Comenzaba siempre esta enfermedad por las zonas costeras y, así, iba ya subiendo hacia
las regiones del interior. Al segundo año, a mediados de la
primavera, llegó a Bizancio, donde casualmente estaba yo
residiendo en aquel entonces. Y ocurrió de la siguiente manera. Muchos vieron unas apariciones fantasmales con forma de seres humanos, de diverso aspecto y todos los que se
las encontraban creían que eran golpeados por ese hombre
que les salía al paso en cualquier punto de su cuerpo. Y, nada más haber visto la aparición, al momento eran atacados
por la enfermedad. Pues bien, al principio, los que se habían encontrado a estas apariciones intentaban alejarlas de sí repitiendo los nombres más sagrados y conjurándolas de otros
modos, como cada cual podía; sin embargo no conseguían
absolutamente nada, porque muchísima gente, aun refugiándose en los templos, moría. Luego, hacían por no oír ni siquiera la llamada de sus amigos y los dejaban encerrados en
sus habitaciones, fingiendo, a pesar de sus golpes en las
puertas, que no escuchaban nada, por miedo, claro está, a
que el que los llamaba fuera uno de aquellos fantasmas. En
ciertos casos no fue así como sobrevino la peste, sino que
algunos tuvieron soñando una visión en la que les parecía
que estaban sufriendo el mismo trato por parte de uno que
se encontraba a su lado, o que oían una voz que les anunciaba que estaban ya inscritos en la lista de los muertos. Pero lo que les sucedió a muchísimas personas fue que la enfermedad les entró, sin que, ni por una visión ni por un
ensueño, se enteraran de lo que después les iba a ocurrir.

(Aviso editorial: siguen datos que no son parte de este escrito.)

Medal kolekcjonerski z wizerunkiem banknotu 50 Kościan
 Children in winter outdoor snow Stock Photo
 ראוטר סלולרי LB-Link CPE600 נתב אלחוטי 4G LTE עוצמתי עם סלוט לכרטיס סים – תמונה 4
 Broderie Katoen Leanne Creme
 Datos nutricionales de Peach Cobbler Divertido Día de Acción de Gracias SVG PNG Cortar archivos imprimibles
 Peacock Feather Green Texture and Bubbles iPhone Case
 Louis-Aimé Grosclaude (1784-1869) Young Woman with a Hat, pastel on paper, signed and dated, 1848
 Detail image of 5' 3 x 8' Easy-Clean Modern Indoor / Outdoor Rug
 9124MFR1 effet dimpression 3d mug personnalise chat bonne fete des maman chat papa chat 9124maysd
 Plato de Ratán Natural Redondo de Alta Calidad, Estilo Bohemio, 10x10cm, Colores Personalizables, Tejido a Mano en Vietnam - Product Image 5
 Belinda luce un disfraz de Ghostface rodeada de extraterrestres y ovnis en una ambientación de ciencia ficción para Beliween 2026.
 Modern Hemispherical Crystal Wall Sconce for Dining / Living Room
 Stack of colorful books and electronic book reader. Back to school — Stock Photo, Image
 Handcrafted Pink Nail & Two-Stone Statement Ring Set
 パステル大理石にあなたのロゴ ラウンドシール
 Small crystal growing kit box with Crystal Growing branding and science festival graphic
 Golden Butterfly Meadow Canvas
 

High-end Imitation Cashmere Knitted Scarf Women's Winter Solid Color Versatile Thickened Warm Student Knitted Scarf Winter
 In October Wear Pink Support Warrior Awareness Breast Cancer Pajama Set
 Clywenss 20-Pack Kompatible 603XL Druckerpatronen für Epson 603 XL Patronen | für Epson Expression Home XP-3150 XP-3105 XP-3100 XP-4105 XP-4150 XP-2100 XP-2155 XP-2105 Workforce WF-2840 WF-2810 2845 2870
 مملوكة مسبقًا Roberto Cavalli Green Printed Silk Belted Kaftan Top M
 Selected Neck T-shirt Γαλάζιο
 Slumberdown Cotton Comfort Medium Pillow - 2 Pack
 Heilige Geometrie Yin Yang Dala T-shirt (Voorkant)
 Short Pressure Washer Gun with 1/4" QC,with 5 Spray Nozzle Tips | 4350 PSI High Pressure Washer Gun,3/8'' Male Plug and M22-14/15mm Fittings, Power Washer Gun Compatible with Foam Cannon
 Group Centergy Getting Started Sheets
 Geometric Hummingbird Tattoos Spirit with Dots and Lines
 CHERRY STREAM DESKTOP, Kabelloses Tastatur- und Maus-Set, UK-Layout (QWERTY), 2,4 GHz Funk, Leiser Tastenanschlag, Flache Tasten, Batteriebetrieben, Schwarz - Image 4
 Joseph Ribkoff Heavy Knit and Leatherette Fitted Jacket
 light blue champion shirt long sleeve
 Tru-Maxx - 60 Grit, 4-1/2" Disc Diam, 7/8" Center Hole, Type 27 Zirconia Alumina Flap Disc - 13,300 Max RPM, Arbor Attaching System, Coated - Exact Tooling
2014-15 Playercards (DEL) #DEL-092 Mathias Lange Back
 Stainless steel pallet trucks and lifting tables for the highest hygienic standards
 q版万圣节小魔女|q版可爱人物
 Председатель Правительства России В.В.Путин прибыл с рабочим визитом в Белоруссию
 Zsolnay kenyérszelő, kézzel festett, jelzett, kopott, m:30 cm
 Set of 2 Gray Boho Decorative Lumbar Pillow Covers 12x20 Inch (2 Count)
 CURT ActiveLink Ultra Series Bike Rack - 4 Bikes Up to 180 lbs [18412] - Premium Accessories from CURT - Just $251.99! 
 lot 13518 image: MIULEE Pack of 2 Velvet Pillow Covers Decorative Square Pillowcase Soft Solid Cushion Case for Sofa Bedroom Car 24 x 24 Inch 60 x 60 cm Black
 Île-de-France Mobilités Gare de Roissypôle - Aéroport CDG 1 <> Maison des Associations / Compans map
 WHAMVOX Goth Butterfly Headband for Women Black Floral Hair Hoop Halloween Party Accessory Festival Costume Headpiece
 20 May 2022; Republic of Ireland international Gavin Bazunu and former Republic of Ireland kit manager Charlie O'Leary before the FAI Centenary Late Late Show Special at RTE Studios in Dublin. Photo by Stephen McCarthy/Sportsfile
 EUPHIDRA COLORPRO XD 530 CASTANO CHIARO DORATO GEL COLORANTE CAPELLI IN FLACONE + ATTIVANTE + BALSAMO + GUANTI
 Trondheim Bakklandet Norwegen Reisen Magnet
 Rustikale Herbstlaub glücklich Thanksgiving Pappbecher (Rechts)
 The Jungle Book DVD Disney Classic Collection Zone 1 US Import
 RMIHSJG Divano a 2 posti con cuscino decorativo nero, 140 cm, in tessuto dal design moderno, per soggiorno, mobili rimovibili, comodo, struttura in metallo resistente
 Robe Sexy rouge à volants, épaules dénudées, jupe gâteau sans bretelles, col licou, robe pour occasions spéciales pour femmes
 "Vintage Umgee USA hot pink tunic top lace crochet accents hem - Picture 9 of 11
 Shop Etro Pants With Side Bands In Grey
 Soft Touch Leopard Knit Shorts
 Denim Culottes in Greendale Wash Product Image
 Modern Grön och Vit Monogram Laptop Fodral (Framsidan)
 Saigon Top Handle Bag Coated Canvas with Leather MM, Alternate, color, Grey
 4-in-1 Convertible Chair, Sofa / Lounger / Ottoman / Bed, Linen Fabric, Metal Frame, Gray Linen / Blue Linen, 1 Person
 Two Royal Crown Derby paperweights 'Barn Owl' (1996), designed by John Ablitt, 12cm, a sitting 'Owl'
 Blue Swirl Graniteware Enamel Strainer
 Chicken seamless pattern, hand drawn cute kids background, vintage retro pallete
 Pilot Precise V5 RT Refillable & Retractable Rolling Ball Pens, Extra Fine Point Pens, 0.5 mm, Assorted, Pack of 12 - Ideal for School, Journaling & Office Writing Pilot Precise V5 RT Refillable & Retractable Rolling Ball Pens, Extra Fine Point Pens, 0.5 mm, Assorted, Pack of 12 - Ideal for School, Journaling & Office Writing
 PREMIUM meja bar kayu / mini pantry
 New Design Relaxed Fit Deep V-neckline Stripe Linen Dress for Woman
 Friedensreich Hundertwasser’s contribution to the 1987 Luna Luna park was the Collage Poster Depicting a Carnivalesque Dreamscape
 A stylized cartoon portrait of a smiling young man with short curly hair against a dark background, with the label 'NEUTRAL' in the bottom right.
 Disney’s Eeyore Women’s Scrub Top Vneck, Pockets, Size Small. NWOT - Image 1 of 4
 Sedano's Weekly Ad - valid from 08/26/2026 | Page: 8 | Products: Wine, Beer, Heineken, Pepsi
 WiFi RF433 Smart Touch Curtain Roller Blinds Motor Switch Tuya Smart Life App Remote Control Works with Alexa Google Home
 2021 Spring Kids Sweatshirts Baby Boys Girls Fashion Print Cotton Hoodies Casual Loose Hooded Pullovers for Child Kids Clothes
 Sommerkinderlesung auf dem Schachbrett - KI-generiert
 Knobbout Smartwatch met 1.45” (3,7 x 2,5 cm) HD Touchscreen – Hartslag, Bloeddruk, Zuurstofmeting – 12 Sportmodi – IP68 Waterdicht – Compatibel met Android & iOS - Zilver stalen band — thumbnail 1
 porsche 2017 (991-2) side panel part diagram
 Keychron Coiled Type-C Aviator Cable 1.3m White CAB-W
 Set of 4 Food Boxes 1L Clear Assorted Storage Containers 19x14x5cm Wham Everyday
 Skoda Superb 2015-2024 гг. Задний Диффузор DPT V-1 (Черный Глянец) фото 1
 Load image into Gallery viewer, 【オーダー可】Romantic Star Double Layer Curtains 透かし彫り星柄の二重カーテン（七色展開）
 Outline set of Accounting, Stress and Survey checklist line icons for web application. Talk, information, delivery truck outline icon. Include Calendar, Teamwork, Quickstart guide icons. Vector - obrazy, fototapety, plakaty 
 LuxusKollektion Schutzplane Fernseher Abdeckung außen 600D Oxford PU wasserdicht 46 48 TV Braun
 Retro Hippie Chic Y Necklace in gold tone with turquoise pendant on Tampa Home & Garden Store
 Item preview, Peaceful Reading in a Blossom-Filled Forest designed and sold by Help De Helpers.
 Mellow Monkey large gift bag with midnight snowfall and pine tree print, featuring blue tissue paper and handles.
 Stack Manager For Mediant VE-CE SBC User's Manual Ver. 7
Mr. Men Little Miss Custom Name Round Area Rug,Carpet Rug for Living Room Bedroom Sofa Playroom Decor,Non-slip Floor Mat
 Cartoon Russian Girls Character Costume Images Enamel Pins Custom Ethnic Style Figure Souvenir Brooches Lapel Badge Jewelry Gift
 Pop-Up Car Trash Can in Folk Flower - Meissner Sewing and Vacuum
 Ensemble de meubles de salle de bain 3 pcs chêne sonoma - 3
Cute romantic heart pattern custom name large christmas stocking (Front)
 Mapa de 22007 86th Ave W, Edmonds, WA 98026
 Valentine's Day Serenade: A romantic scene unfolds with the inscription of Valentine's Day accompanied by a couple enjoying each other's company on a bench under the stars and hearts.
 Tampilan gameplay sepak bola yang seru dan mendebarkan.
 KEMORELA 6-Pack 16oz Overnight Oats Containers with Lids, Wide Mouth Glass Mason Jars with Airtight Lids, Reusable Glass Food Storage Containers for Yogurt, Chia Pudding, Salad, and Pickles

Les acometía de la siguiente manera. Repentinamente les
daba fiebre, a unos cuando acababan de despertarse, a otros
mientras estaban paseando y a otros en medio de cualquier
otra actividad. Y el cuerpo ni cambiaba de color ni estaba
caliente, como cuando ataca la fiebre, ni tampoco se producía ninguna inflamación, sino que la fiebre era tan tenue
desde que comenzaba hasta el atardecer que ni a los propios
enfermos ni al médico al tocarlos les daba la impresión de
que hubiera ningún peligro. Y, en efecto, ninguno de los que
habían contraído el mal creyó que fuera a morir de eso. Pero
a unos en el mismo día, a otros al siguiente y a otros no mucho después le salía un tumor inguinal, no sólo en esa parte
del cuerpo que está bajo el abdomen y que se llama ingle,
sino también en la axila; y a algunos incluso junto a la oreja
y en diversos puntos del muslo.
Pues bien, hasta aquí a todos los afectados por la enfermedad les venía a pasar casi lo mismo. Pero, a partir de ahí, Aquél que mandó ese mal. Unos entraban en coma profundo, otros en un delirio agudo y cada cual sufría los efectos propios de la enfermedad. Pues los que entraban en coma se olvidaban de todo lo que antes les había sido familiar
y parecía que siempre estaban durmiendo. Y si alguien se
ponía a cuidarlos, comían en medio de aquel estado en que
se encontraban, pero los que carecían de estos cuidados seguidamente morían por falta de alimentación. Sin embargo,
los que eran dominados por el delirio sufrían un terrible insomnio y muchas alucinaciones: pensaban que venía gente a matarlos y se hallaban inquietos y gritando como locos
se precipitaban a huir. Quienes los estaban atendiendo caían
rendidos de fatiga porque no descansaban y era la suya una
mortificación continua e irremediable. Por eso, todos se compadecían de ellos, más incluso que de los enfermos, y no
por ese peligro angustioso de estar siempre cerca de los
apestados (pues el caso era que ni médicos ni particulares
contraían este mal por contagio de los enfermos o de los
fallecidos, porque muchos que constantemente estaban enterrando o atendiendo a personas sin ninguna relación con
ellos resistían, contra lo que cabía esperar, prestando este
servicio, mientras que a muchos otros los atacaba inexplicablemente la enfermedad y morían en seguida), sino por el
gran sufrimiento que padecían.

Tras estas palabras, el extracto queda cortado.